I would love to use organically grown fibers exclusively, but even with the small production lots we do it is complicated to organize and ultimately increases the costs of the products, which are already high compared to conventionally made items and are difficult to comprehend for the unsuspecting consumers. [Jackets and pants from the Jurgen Lehl brand tend to hover around ¥30,000 or ¥40,000.]

My convictions are very strong about environmental concerns — most people's are less so, I believe. I am considered very hardheaded.

Some people look at Japan and they think it is the most consumption-mad society in the world. As a hardheaded environmentalist, are you not uncomfortable here?

I'm uncomfortable with the state of the whole world, not just Japan. I have no right to vote in this country, so I have no influence over government policies. Voting in Germany would be useless because I don't know who is who, and I don't believe in the present political systems anyway. All I can do is to suggest different possibilities for lifestyles through my work and behavior.

Why did you decide to come to Japan?

I came on a holiday.

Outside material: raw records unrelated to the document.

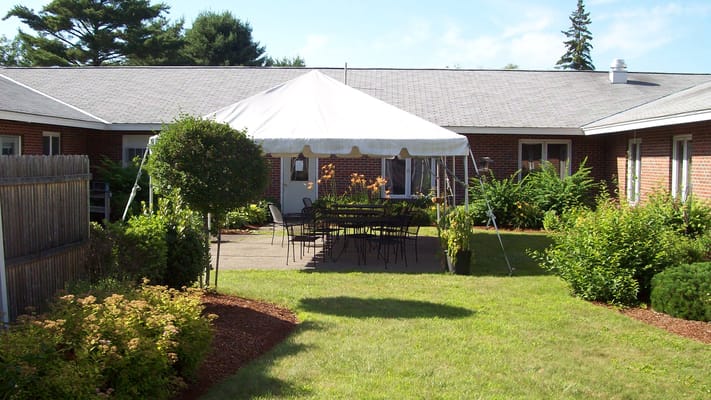 Outdoor seating area with a tent and greenery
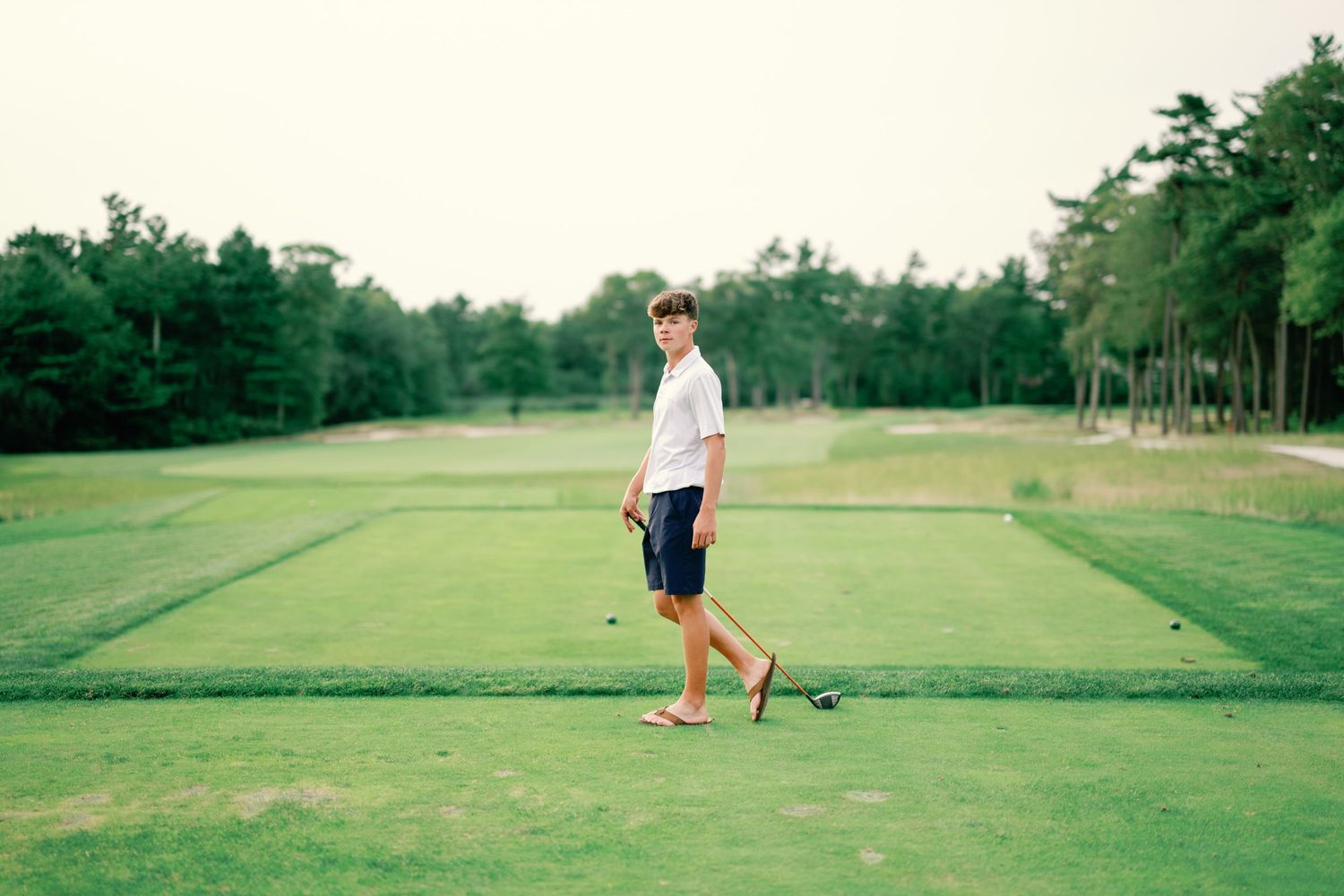 Young golfer standing on lush green golf course holding club, surrounded by trees on a clear day.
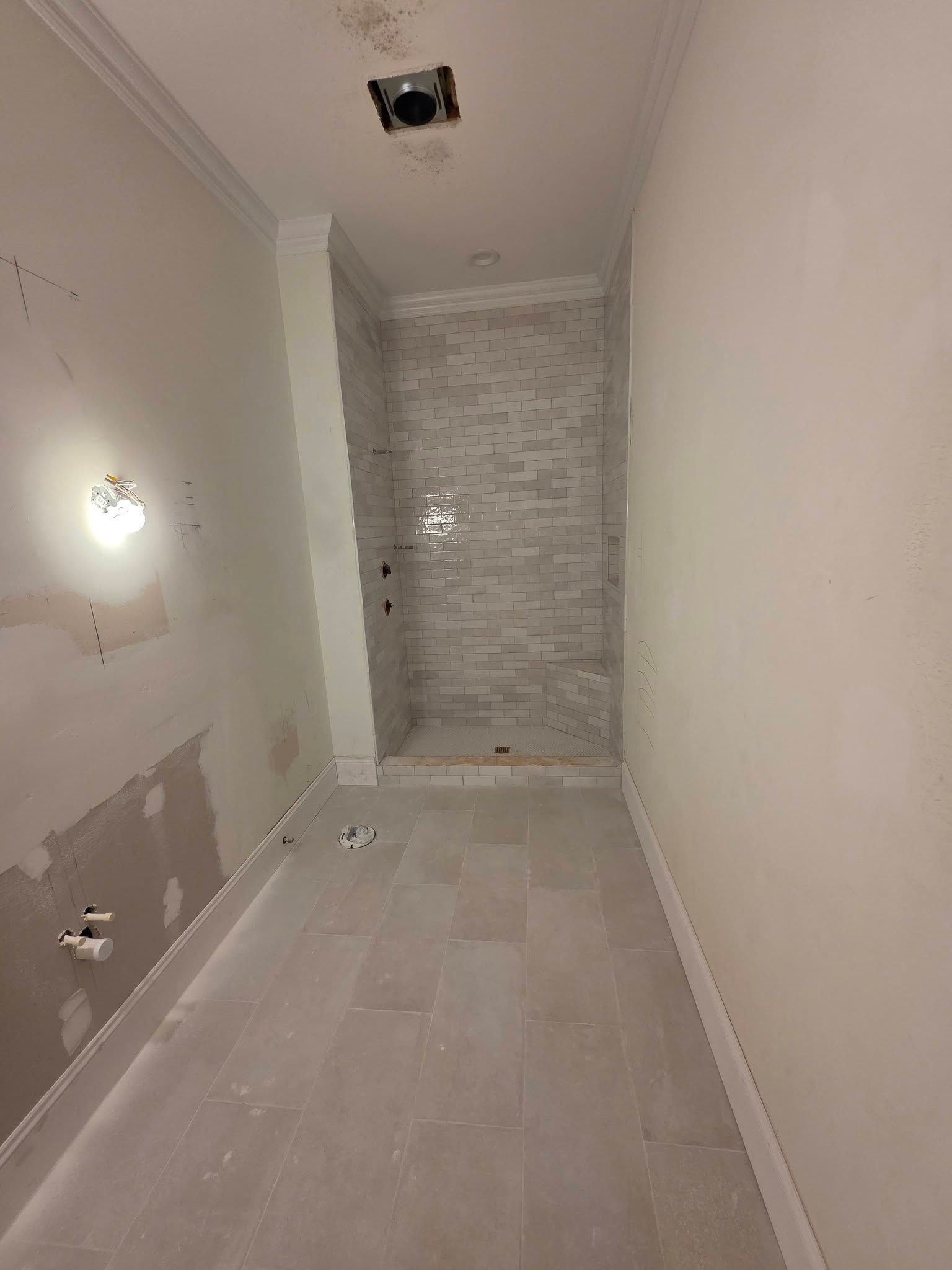 Narrow unfinished hallway with tiled floor, white walls, and exposed ceiling opening.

At that point I was not really settled anywhere, because I had left France and ended up in Berkeley after working for a while in New York. A friend of mine asked if I would come to Hong Kong with a stopover in Tokyo. I had some friends here, whom I had met in France, and I contacted them here. I asked them whether it would be a good idea to stay for three or four months — do something, maybe help out in some office — to get to meet local people. It ended up being 37 years. I signed a three-year contract that just went on and on.

Was that with a textile company?

Yes, Asahi Kasei.

What kind of work did you do?

It was more consulting work than anything else. I did some designing, but mostly consulting about textile design.

When did you decide you wanted to go it alone and make your own label?

I didn't decide. They decided for me! I wanted to quit — thinking that I was not worthy of the salary I was receiving from them. But they said, "Nobody in our company has ever quit, so we have to do something about that." They asked me whether I wanted to start a company, and that's what I did.

What was the name of that company?

That was my present company, Jurgen Lehl. It was 1972.

Were you completely free to run it as you pleased?

Yes, I could do whatever I liked. They asked another company to take care of the management, and that's how it started.

Did you decide from the beginning that you would make clothes?

No, we started with textiles because that was my main area of knowledge. After a while, somebody said maybe we should start doing clothes because it would make more money — which is true. So we started.